▶ WHAT YOU SHOULD DO
Give a verbatim copy of the data, leaving the pictures out.

▶ INPUT DATA
• • •

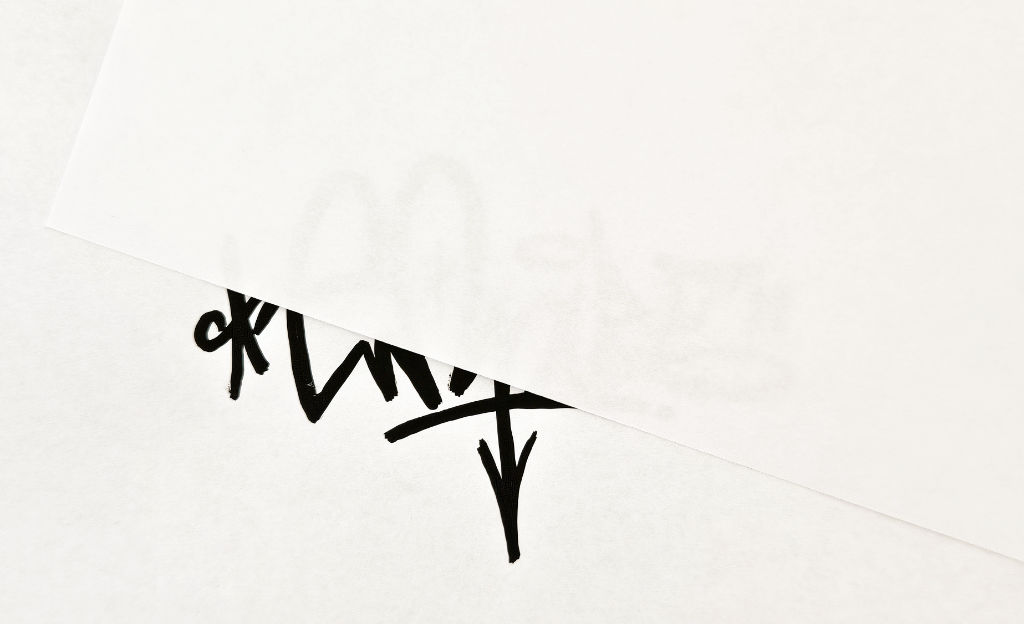 Photo of tracing the graffiti tag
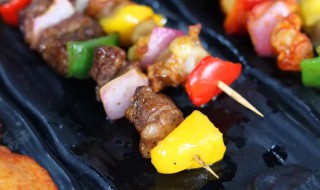 黑椒牛肉串家常做法 黑椒牛肉串怎么做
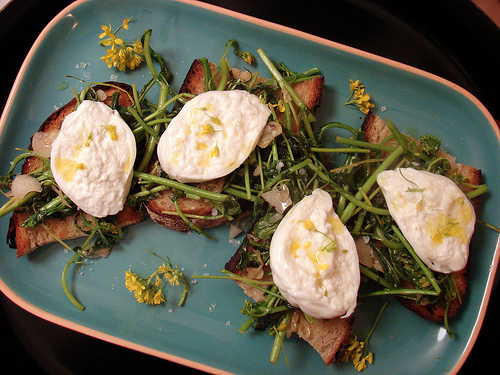 Burrata_bruschetta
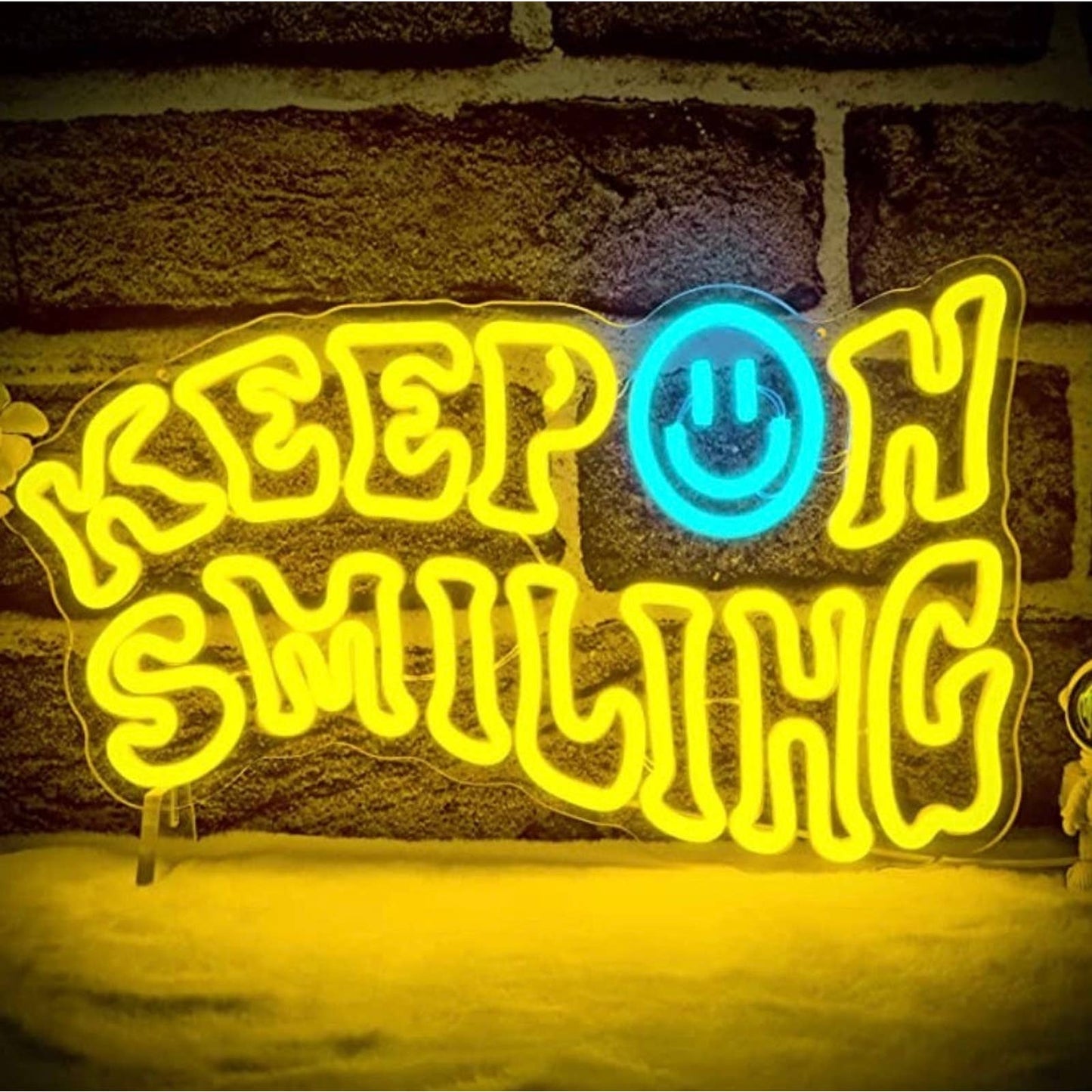 Lovely Bright Positive “Keep On Smiling” LED Night Light Room Wall Decoration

• • •

▶ ANSWER
 Photo of tracing the graffiti tag
 黑椒牛肉串家常做法 黑椒牛肉串怎么做
 Burrata_bruschetta
 Lovely Bright Positive “Keep On Smiling” LED Night Light Room Wall Decoration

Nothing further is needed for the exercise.